The update revealed a $6 million lead on internal budgets at the beginning of the financial year and surpassed analysts’ expectations.
The group’s gross margin also rose by 67% on pcp and earned a gross margin percentage of 53%.
Today, the group gave a commentary on that performance and speculated on 2024.
IKE has slipped nearly 10% in the year so far, having dipped below the wider market more recently:
Source: TradingView
IKE posts strong growth in FY23
IKE stated its gross margin was around $16.4 million. Enterprise customer platform subscriptions went up by 19%, and subscription revenue increased 57% from $5.6 million to $8.8 million.
IKE CEO Glenn Milnes commented on the year’s performance:
‘The FY23 period saw continued strong momentum across IKE. We have achieved very significant revenue and gross margin growth and have closed the period materially ahead of all internal stretch targets.
‘Our balance sheet remains extremely strong, noting that the USD and AUD fx rates impact our reported NZD position each quarter. Operating leverage is evident via the scalability of our software products and our disciplined approach to managing operating expenses.’

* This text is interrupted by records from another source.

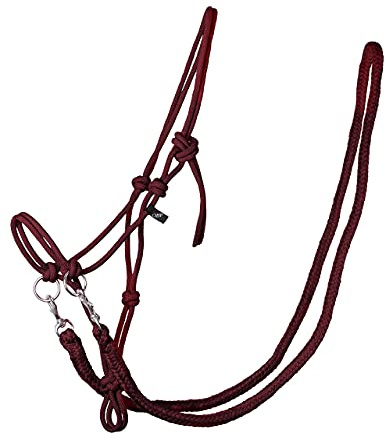 QHP Knotenhalfter mit Zügeln robustes 10 mm dickes Seil (Warmblut, Bordeauxrot)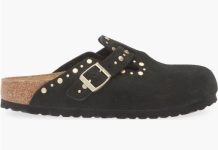 【折后$99.99 包邮】Birkenstock Boston Rivets 铆钉麂皮勃肯木屐拖鞋 黑色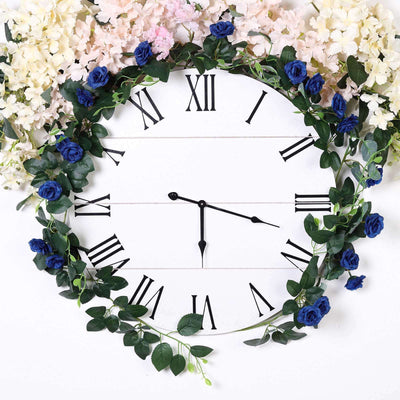 6ft 20 Royal Blue Artificial Silk Roses Flower Garland, Hanging Vine - Linen Luxes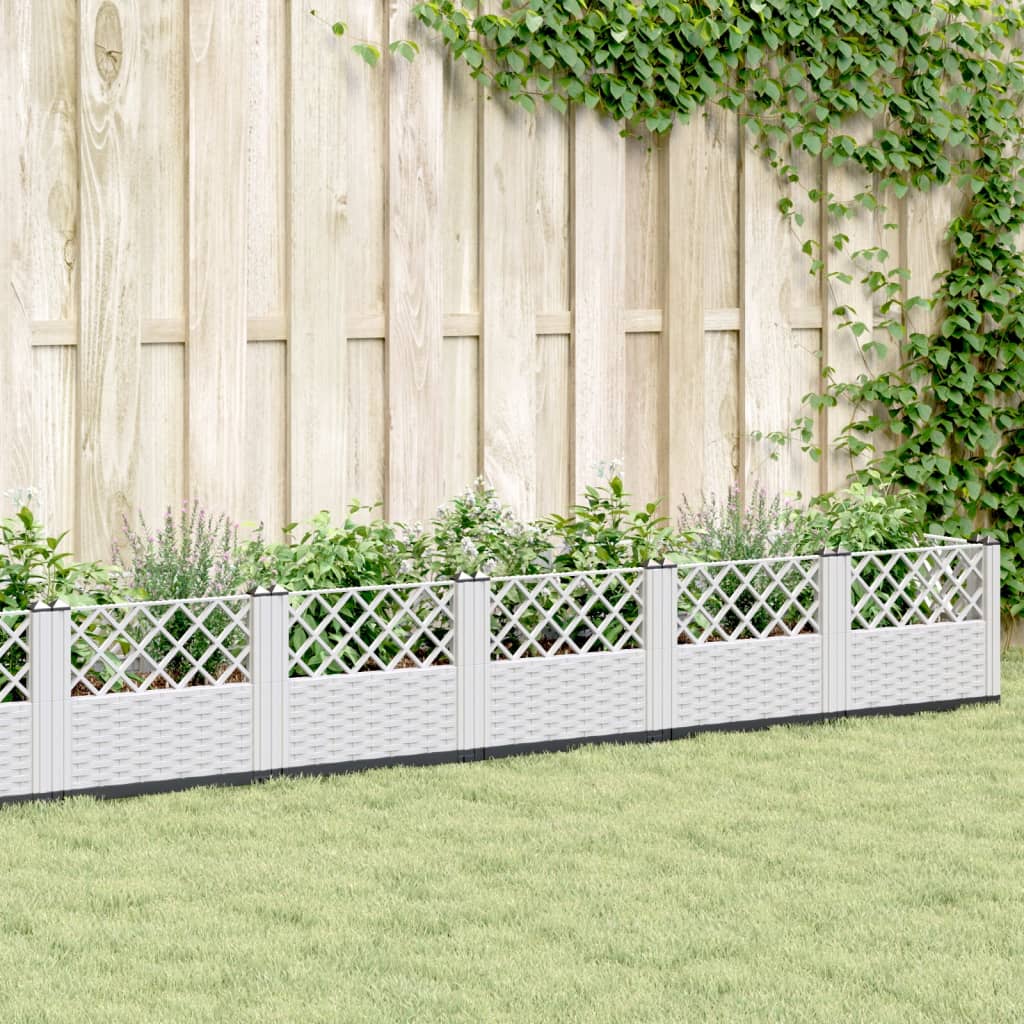 Garden Planter with Pegs White 363.5x43.5x43.5 cm PP - Design Hut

The group reported that its total cash and receivables at the end of the March quarter were at $23.2 million, which was made up of $18 million in cash and $5.2 million in receivables, with payables of $2.3 million.
IKE did not count any outstanding debt for the quarter or for the year.
Source: IKE
IKE speculates on 2024
The research company believes that with strength in its pipeline, and its high sales in Q4 (including winning a new enterprise customer each week), it should be able to continue strong into the next financial year.

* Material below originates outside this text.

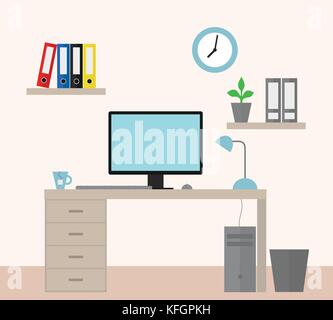 Vector illustration of an office with equipment as a job for a manager - flat design Stock Vector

However, Mr Milnes says that incoming monies might be lower than this year, even if tailwinds overall point towards a positive trajectory in the US.
Milnes concluded:
‘We expect growth to continue in FY24, noting the potential for Q1 FY24 transaction revenue to be below the Q4 FY23 run rate because of the engineering practices of utilities in certain territories where one or two larger IKE customers are building fiber networks.
‘Macro-market tailwinds across North America remain highly supportive, driven by the multi-year investment being made into building overhead fiber networks, and additively, the forecasted $300B investment by electric utilities into building & maintaining distribution network capacity and associated network hardening.’
The group said that in order to meet carbon-zero targets in the US by 2050, analysts forecast that the approximately 50% of the energy in the US needs to be on the electrical grid. Today this sits at just 20%.